Cost Function Confusion for Ordinary Least Squares estimation in Linear Regression

158 Views Asked by At

Just wanted to check that my current understanding of linear regression is correct and address some confusion I have with the cost function used in OLS estimation. My current understanding is this:

Given a data set:

$\{y_i, x_{i1}, x_{i2}, ... ,x_{ip}\}_{i=1}^{N}$

The Multiple Linear Regression Model that most accurately describes the relationship between dependent variable $y$ and independent variables $x_1, x_2, ... , x_p$ is the linear function:

$y = \beta_0x_0 + \beta_1x_1 + ... + \beta_px_p = \sum_{j=0}^p\beta_j(x_j)$

such that $\forall y_i$ (where $y_i = \beta_0x_{i0} + \beta_1x_{i1} + ... + \beta_px_{ip} + \epsilon_i$)

the sum of squared residuals: $\sum_{i}^{N}\epsilon^2 = \sum_{i}^{N}(y_i - (\beta_0x_{i0} + ... + \beta_px_{ip}))^2$ is minimized.
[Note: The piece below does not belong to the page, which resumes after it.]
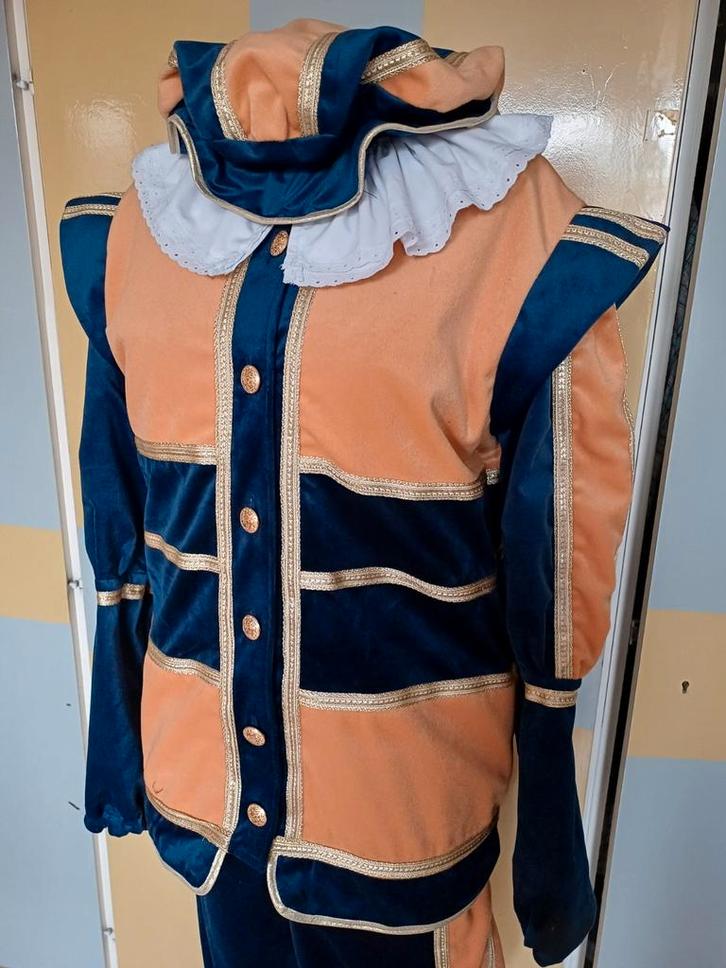 Prachtig nieuw pietenpak, Diversen, Sinterklaas, Nieuw, Ophalen of Verzenden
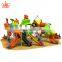 Children amusement park equipment kids amusement park plastic playground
This all comes from the following sources:

https://en.wikipedia.org/wiki/Ordinary_least_squares#Matrix/vector_formulation

https://en.wikipedia.org/wiki/Linear_regression#Simple_and_multiple_linear_regression

https://en.wikipedia.org/wiki/Linear_least_squares

My confusion comes from other sources I have looked at:

https://stackoverflow.com/questions/34148912/feature-scaling-normalization-in-multiple-regression-analysis-with-normal-equa

https://machinelearningmedium.com/2017/08/11/cost-function-of-linear-regression/

which say that the Multiple Linear Regression Model that most accurately describes the relationship between $y$ and $x_1, x_2, ... x_p$ is the same linear function I originally defined above but that the coefficients $\beta_0, \beta_1, ..., \beta_p$ for it are those which minimize the cost function:

$\frac{1}{2N}\sum_{i=1}^{N}(y_i - (\beta_0x_{i0}+ \beta_1x_{i1} + ... + \beta_px_{ip}))^2$

So my question is this: Is my current understanding correct? and which of these cost functions should I be using?

2

There are 2 best solutions below

2
On BEST ANSWER

As already mentioned - all of these functions are equivalent to each other up to a multiplication by some constant. Moreover, you can view the sum of squares as slightly more algebraic approach as $$ \sum_{i=1}^n (y_i - \beta_0 - \beta_1x_i)^2 = \|\mathrm{y} - X\beta\|^2, $$ which is equivalent to minimizing the Euclidean norm itself. That is, finding an orthogonal projection. While,
$$ \frac{1}{N}\sum_{i=1}^n (y_i - \beta_0 - \beta_1x_i)^2 = \frac{1}{N}\sum_{i=1}^n (y_i - g(x_i))^2, $$ where $g(x_i)$ is the mean of $y_i$. This approach may be referred as minimizing the empirical mean squared error (MSE) which is a more statistical POV.

0
On

Either cost function is fine. Since they are just constant multiples of each other, minimising one is equivalent to minimising the other (will result in same fitted $\beta$ coefficients).